I’m not going to waste time by recapping the plot, because: 1) it doesn’t matter, and 2) who cares anyway?

This is the first Trek movie since Nemesis that I couldn’t sit through. That’s right: I actually left the movie theater (walked out) about 1/3 of the way through. I didn’t watch the whole thing (it was a chore) until many months later, when I received a promo code to stream the movie for free.

Blah. The movie is boring, stupid, and nothing of any import happens. Yeah there’s a few touching moments in honor of the late, great Leonard Nimoy, but they feel shoehorned in. A simple “In memory of Leonard Nimoy” at the beginning would’ve sufficed.

I could go on, but I don’t have the time. Beyond is among the worst Trek movies: inconsequential, boring and generic. I’d welcome J.J.’s return to the director’s chair and the return of the writing team from the previous two movies. At least those movies held my attention for two hours.

Check out my ranked list (with commentary) of all 13 Star Trek movies here.


Rogue One: A Star Wars Story (2016)

This review does not spoil elements of the plot.

You know those old movies that Roger Ebert (the late film critic) would famously freeze-frame and analyze in minute detail, scene by scene? Rogue One is that kind of movie: almost every single scene, every cut, pan and swoop of the camera offers a moment that you want to stop and regard, take in and absorb to the extent possible. Here, finally, is a cineaste’s Star Wars.

Rogue One: A Star Wars Story might have an unwieldy title, but it accomplishes something that no Star Wars movie since 1980’s The Empire Strikes Back has managed: a sense of wonder, and a feeling of grand, high adventure. Rogue One is, pound for pound, the very best Star Wars movie since Empire, and together with 1977’s A New Hope it represents a knock-’em-dead blowout of soaring outer-space adventure/fantasy and operatic spectacle.

Another accomplishment is a palpable sense of consequence. You could argue that the Star Wars prequels blew this, and Return of the Jedi (1983) and The Force Awakens (2015) come close but no cigar. The story and characters’ actions and motivations in Rogue One have genuine consequence–important things happen that will affect the outcome of Star Wars stories yet to be told.

Rogue One firmly occupies the “used future” ethos of the original Star Wars trilogy.
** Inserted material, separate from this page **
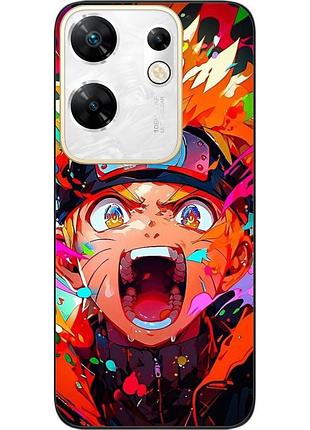 Силіконовий чохол epik для infinix zero 30 4g з картинкою наруто узумакі арт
The shiny digital sheen that pervades the prequels is gone, replaced by a world that feels lived in.

Another fascinating element of Rogue One is the idea that it brings us into the world of the Galactic Empire. The movie works almost as an “day in the life of…” documentary, especially in the opening scenes set on the moon of Jedha.
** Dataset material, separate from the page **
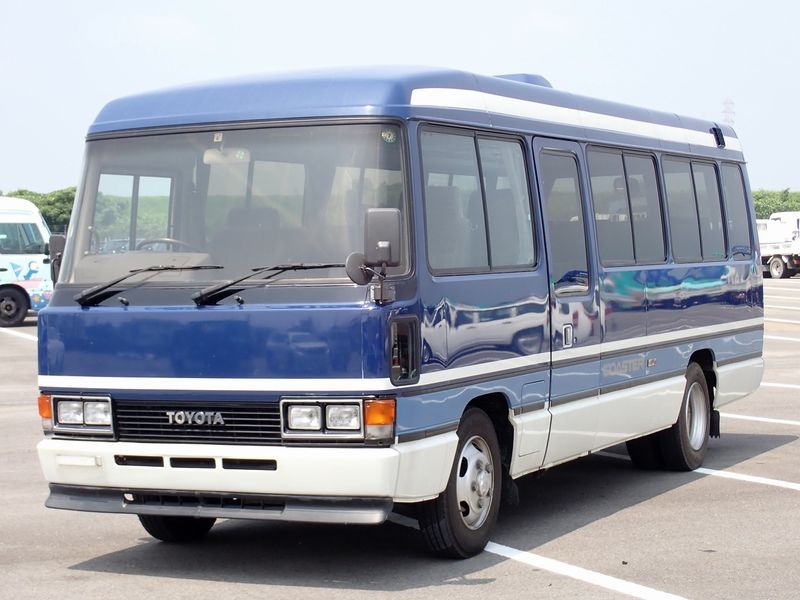 1990 Toyota Coaster U-HDB31 (UW-6a98d8ea03b71)[0]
That Rogue One ends in yet another big, epic space battle is to be expected: every Star Wars movie, excepting Empire Strikes Back, ends with a Big Space Battle, but the one in Rogue One is particularly well executed, and man, do those Mon Calamaris make good leaders.

Rogue One settles a question that might have been on the mind of fans of the original Star Wars trilogy: what is it like to be Darth Vader? Yes, he’s evil and all that, but what does a Sith Lord do when his minions are controlling the actual day-in, day-out activities of the Galactic Empire? Rogue One answers these questions and more.
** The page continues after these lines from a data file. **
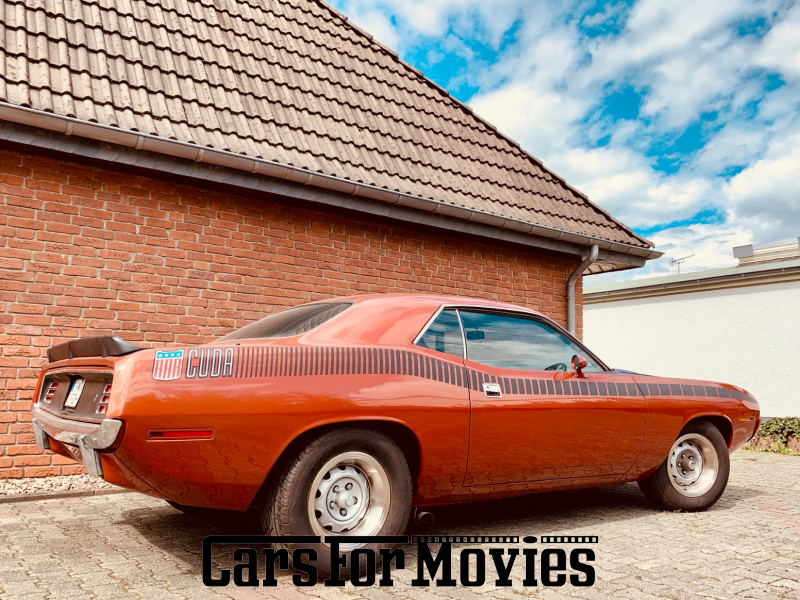CarsForMovies | Plymouth Barracuda 1970 USA Bronze Schwarz Zivilfahrzeug Coupe Nordrhein-Westfalen 7510 
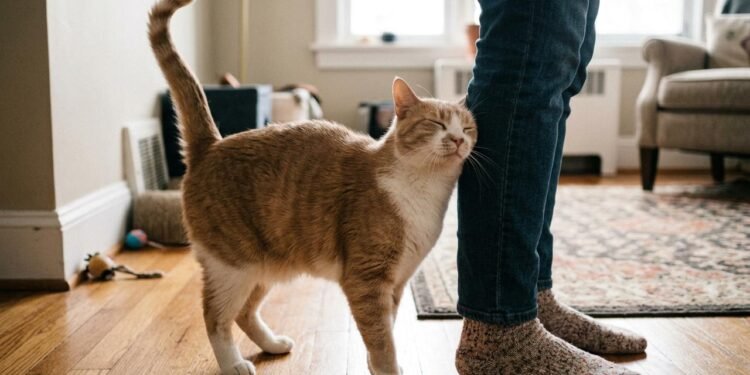 Gatos possuem glândulas odoríferas em regiões como bochechas, queixo e testa.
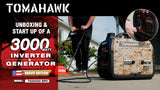 3000 Watt Inverter Generator Super Quiet Portable Gas Power Professional Use - Camo Special Edition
Remember “the Force“? In the original trilogy it was a quasi-religion that functioned to drive the story forward without feeling like a plot device. In the prequels, George Lucas decided, regrettably, to de-mystify the Force by introducing the unfortunate element of “midichlorians”. Rogue One matter-of-factly jettisons any talk of midichlorians and goes back to the basics: the Force is, once again, a quasi-religion, without any stupid technobabble and overt, extraneous, unnecessary explanations.

Director Gareth Edwards delivers a sorely underrated job of taking what could have been a by-the-numbers generic exercise (see Star Trek Beyond) and making it one of the best movies in all of sci-fi geekdom. My hat’s off to Mr. Edwards. Seriously.

The Star Wars movies have that odd (but frustrating) quality of being hit-or-miss. 2015’s Force Awakens irritatingly falls somewhere in the middle of the good versus bad (quality-wise) argument. I can really pay Rogue One no higher a compliment than to say that it has the courage of its convictions and sees them out to the bitter end: it goes there, does what it needs to do, and gets the hell out of the way.